Para quem não sabe, ou não se lembra: essas palavras, ódio e mal, já andaram pela boca de Sua Excelência, esse mesmo senhor Barroso, numa sessão do STF, em que ele, não havendo digerido bem o palavrório de seu augusto colega Gilmar Mendes, sem tirar a toga, deixou de lado o que está escrito no seu papel e declamou de improviso, com voz melíflua, essa oração, desprovida de cortesia e amabilidades: “me deixa de fora desse seu mau sentimento, você é uma pessoa horrível, uma mistura do mal com o atraso, com pitadas de psicopatia; vossa excelência destila ódio o tempo inteiro, tá sempre com raiva de alguém, tá sempre com ódio de alguém”…
Não, por favor, não estranhem. O senhor Barroso pode ter esquecido preceitos não escritos de deontologia judiciária, mas fez uso de um direito que a Constituição Federal lhe assegura: o da liberdade de expressão.
Agora, diante do ativismo apostólico dele em favor da regulamentação das redes sociais, surgem perguntas.
A “liberdade de expressão” que ele pretende restringir, reformular, filtrar através de novos conceitos e valores, será aquela liberdade de discursar contra quem “destila ódio o tempo inteiro, tá sempre com raiva de alguém, tá sempre com ódio de alguém”?
Quer ele que se ouça impropérios em cavalheiresco silêncio, para não parecer intolerante?
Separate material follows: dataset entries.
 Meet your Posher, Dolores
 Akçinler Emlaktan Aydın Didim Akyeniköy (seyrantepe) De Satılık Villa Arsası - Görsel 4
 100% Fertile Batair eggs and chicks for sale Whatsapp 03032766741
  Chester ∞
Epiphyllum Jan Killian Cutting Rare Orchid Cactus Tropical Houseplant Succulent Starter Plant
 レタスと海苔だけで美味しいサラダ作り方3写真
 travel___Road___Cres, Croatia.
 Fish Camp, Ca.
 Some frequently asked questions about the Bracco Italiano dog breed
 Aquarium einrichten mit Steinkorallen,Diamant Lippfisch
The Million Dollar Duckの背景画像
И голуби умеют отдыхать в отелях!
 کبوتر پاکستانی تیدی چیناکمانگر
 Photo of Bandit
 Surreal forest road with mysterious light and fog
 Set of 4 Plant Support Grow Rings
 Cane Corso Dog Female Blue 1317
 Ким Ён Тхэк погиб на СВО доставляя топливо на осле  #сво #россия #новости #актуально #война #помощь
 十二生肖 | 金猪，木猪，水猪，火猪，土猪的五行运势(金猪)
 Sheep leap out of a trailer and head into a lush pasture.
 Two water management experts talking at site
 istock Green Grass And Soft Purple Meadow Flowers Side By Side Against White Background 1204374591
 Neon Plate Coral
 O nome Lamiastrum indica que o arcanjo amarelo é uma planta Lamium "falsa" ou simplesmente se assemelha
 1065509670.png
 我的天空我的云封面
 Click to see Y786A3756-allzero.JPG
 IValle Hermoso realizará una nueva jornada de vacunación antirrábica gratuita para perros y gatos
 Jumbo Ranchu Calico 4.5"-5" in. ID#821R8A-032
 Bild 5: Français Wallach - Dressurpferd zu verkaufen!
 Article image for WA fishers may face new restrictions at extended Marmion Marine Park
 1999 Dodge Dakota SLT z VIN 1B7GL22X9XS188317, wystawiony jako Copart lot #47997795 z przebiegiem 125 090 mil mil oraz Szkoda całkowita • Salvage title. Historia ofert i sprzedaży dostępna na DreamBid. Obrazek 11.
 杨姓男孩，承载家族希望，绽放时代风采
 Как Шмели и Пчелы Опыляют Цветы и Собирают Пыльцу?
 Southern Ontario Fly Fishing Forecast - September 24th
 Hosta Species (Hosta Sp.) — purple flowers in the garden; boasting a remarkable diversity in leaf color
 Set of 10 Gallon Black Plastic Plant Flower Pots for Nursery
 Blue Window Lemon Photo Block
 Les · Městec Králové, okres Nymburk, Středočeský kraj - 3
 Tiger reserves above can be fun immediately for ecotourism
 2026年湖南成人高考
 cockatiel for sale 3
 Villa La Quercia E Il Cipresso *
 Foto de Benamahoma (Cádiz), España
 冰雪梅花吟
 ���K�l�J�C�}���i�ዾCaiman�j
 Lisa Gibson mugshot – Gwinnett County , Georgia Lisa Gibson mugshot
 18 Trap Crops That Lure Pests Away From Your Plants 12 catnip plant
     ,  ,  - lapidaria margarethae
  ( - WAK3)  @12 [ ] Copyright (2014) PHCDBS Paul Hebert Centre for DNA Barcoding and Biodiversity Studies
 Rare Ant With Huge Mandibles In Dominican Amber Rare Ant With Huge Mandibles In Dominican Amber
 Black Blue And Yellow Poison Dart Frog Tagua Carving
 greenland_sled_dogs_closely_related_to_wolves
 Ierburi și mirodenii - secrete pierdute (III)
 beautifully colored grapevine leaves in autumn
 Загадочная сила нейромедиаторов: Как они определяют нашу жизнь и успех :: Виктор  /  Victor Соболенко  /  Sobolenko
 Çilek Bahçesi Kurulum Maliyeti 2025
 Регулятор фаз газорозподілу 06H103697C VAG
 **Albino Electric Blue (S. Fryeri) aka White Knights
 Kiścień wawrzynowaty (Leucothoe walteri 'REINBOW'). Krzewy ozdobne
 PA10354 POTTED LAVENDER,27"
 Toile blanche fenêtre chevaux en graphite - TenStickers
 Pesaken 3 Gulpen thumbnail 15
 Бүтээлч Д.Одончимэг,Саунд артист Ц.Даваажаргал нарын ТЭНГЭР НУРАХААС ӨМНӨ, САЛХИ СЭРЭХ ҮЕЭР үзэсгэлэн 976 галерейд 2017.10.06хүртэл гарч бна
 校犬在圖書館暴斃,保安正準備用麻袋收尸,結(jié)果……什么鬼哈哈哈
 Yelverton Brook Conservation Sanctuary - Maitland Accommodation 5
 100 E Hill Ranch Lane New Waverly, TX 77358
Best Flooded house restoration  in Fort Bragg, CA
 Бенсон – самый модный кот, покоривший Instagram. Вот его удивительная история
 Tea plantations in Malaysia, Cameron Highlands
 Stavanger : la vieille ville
Ou o proibido nas redes sociais seria só permitido em público?
Certamente o ministro, na cruzada que abraça, perseguindo, com um eufemismo chamado “regulamentação”, o direito à liberdade de expressão, esquece que sua atitude, gerada pela atitude de seu colega, partiu de outro direito sagrado e consagrado na Constituição: o da intimidade. Ferido no seu íntimo, ele se sentiu no direito de revidar.
O ódio e o mal, com ou sem atraso, sim, dão cordas ao direito de expressão, quando é ferido, magoado, vilipendiado o ego, onde se aninha o direito constitucional à intimidade.
O que as redes sociais fazem, outra coisa não é, senão mostrar a realidade desse fenômeno, que é ínsito à natureza animal. A lei de Talião foi revogada nas legislações, mas não no instinto, tanto de animais irracionais, quanto nos animais humanos, nem sempre inteiramente racionais.
O ser humano não mudou. O que mudou foi a tecnologia, desnudando-o, mostrando-o verdadeiramente como ele é. Dessa amostra, dessa nudez, querem fugir alguns homens públicos, para parecerem modelos de virtude e moral, se comportando como palmatória do mundo.
A plena liberdade de expressão, que viaja entre trêfegas lengalengas, falsos arroubos de erudição e penetrantes críticas, é da essência da democracia.
Ela não destrói a democracia, nem a democracia pode destruí-la. Não é o verbo que solinha a democracia, mas os abusos no exercício do Poder.